1:1-2 Paul and Timothy, slaves of Jesus Christ, write this letter to all those in Philippi who are consecrated to God because of their relationship to Jesus Christ, together with the overseers and the deacons.

Grace be to you and peace from God, our Father, and from the Lord Jesus Christ.

The opening sentence sets the tone of the whole letter. It is characteristically a letter from a friend to his friends. With the exception of the letter to the Thessalonians and the little personal note to Phlippians, Paul begins every letter with a statement of his apostleship; he begins, for instance, the letter to the Romans: "Paul a servant of Jesus Christ, called to be an apostle" (compare 1 Corinthians 1:1 ; 2 Corinthians 1:1 ; Galatians 1:1 ; Ephesians 1:1 ; Colossians 1:1 ). In the other letters he begins with a statement of his official position, why he has the right to write, and why the recipients have the duty to listen; but not when he writes to the Philippians. There is no need; he knows that they will listen, and listen lovingly. Of all his Churches, the Church at Philippi was the one to which Paul was closest; and he writes, not as an apostle to members of his Church, but as a friend to his friends.

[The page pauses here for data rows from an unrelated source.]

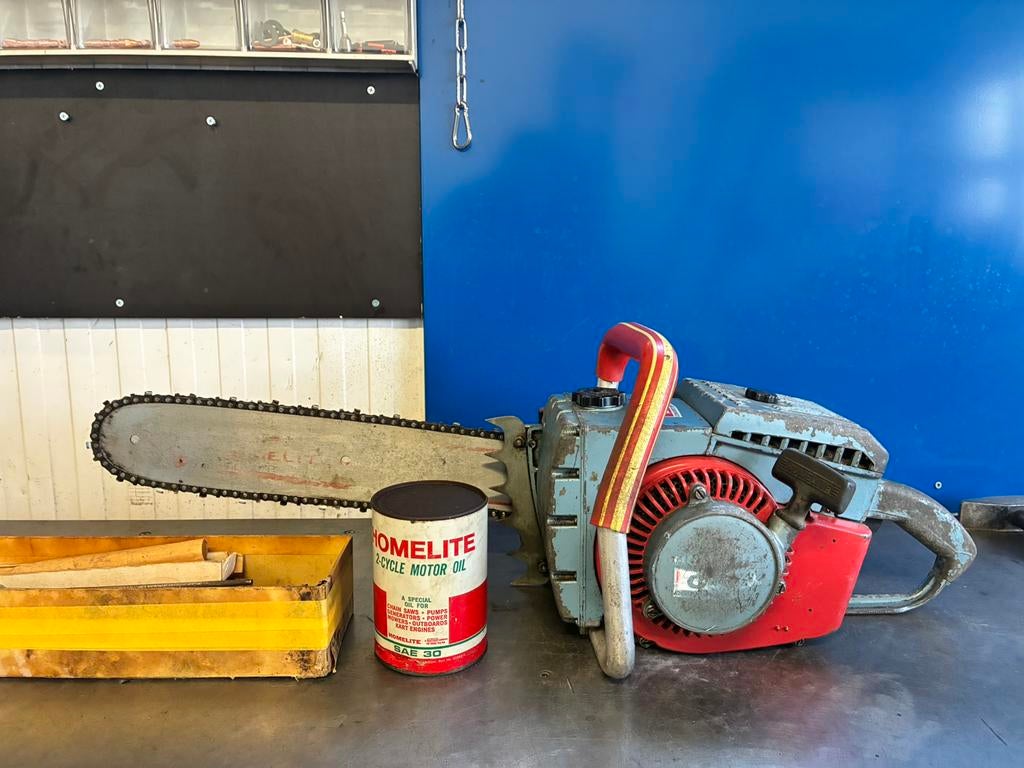 Homelite C-51 oldtimer kettingzaag, Ophalen, Gebruikt, Usa, Homelite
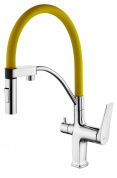Смеситель для кухни LEMARK Comfort LM3074C-Yellow с подключением к фильтру с питьевой водой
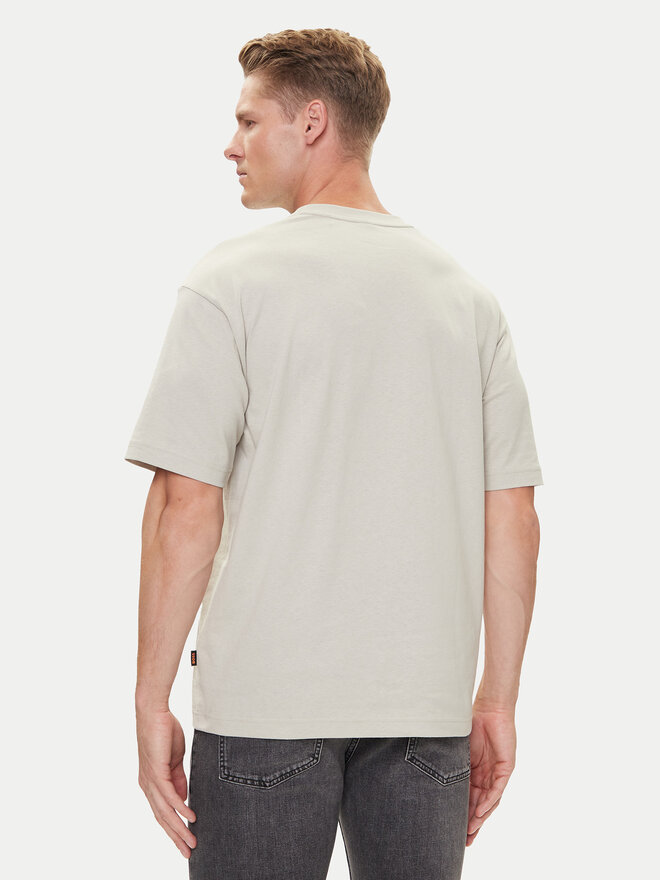BOSS BOSS Camiseta Te_Voyage 50546370 Beis Relaxed Fit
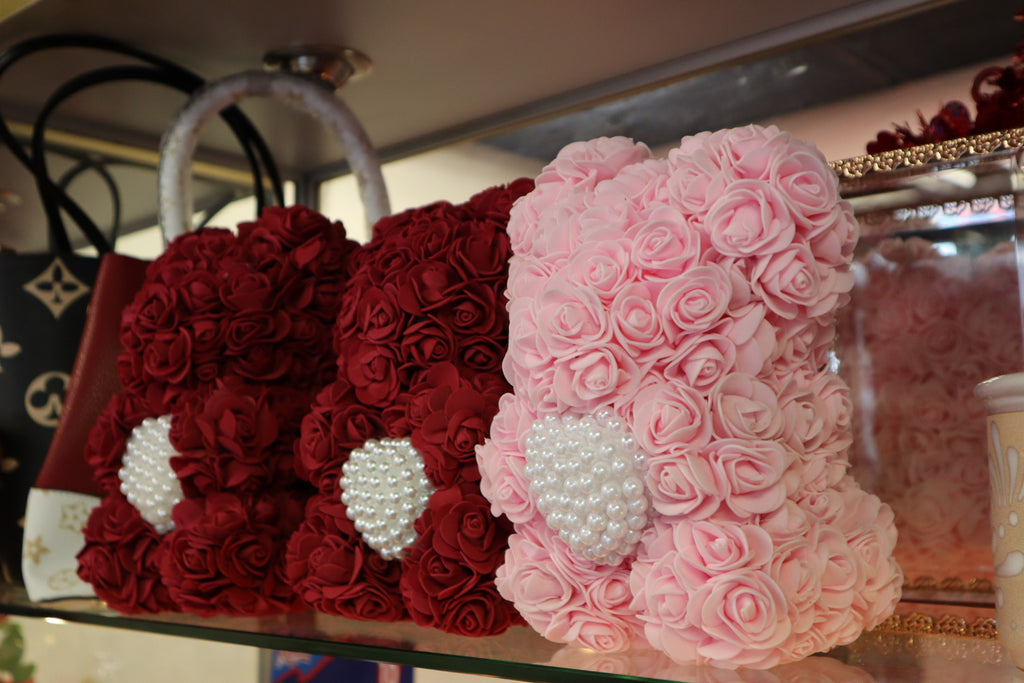 Rose Bears with Pearls
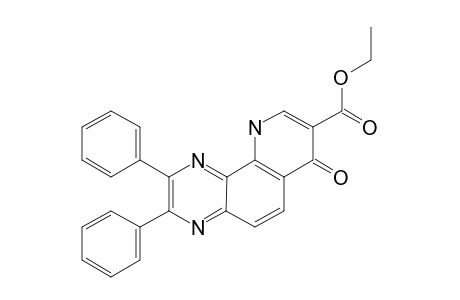 7-OXO-2,3-DIPHENYL-7,10-DIHYDROPYRIDO-[2.3-F]-QUINOXALINE-8-CARBOXYLIC-ACID_ETHYLESTER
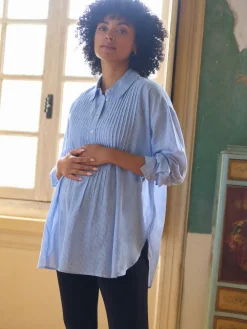 Maternity Pintuck Shirt*Seraphine Clearance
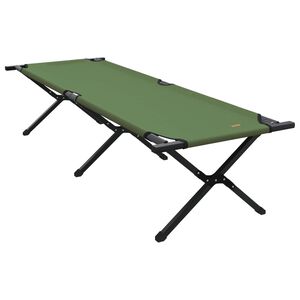 vidaXL Skl&aacute;dac&iacute; kempingov&aacute; postel Zelen&aacute; 193 x 69 x 45 cm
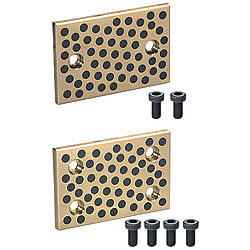 Placas deslizantes sin aceite - tipo aleación de cobre de 10 mm - STWT100-150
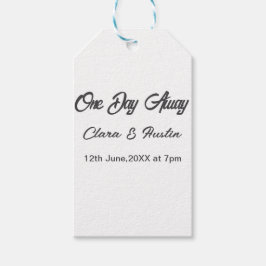 Etiquetas Para Regalos ensayo cena Un día lejos noche antes nombre da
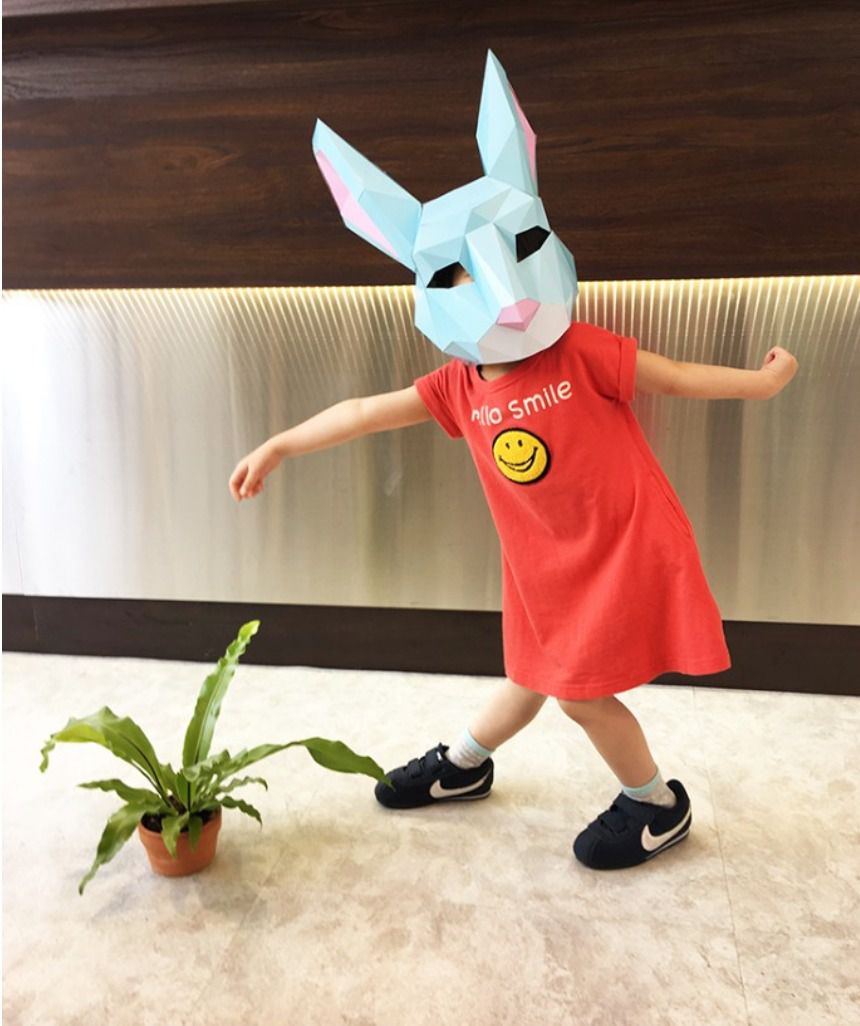 動物立體大面具：我變成了兔子！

Nonetheless, Paul does lay claim to one title. He claims to be the servant (doulos, Greek #1401 ) of Christ, as the King James and Revised Standard Versions have it; but doulos ( Greek #1401 ) is more than servant, it is slave. A servant is free to come and go; but a slave is the possession of his master for ever. When Paul calls himself the slave of Jesus Christ, he does three things. (i) He lays it down that he is the absolute possession of Christ. Christ has loved him and bought him with a price ( 1 Corinthians 6:20 ), and he can never belong to anyone else. (ii) He lays it down that he owes an absolute obedience to Christ. The slave has no will of his own; his master's will must be his. So Paul has no will but Christ's, and no obedience but to his Saviour and Lord. (iii) In the Old Testament the regular title of the prophets is the servants of God ( Amos 3:7 ; Jeremiah 7:25 ). That is the title which is given to Moses, to Joshua and to David ( Joshua 1:2 ; 2:8 ; Psalms 78:70 ; Psalms 89:3 ; Psalms 89:20 ). In fact, the highest of all titles of honour is servant of God; and when Paul takes this title, he humbly places himself in the succession of the prophets and of the great ones of God. The Christian's slavery to Jesus Christ is no cringing subjection. As the Latin tag has it: Illi servire est regnare, to be his slave is to be a king.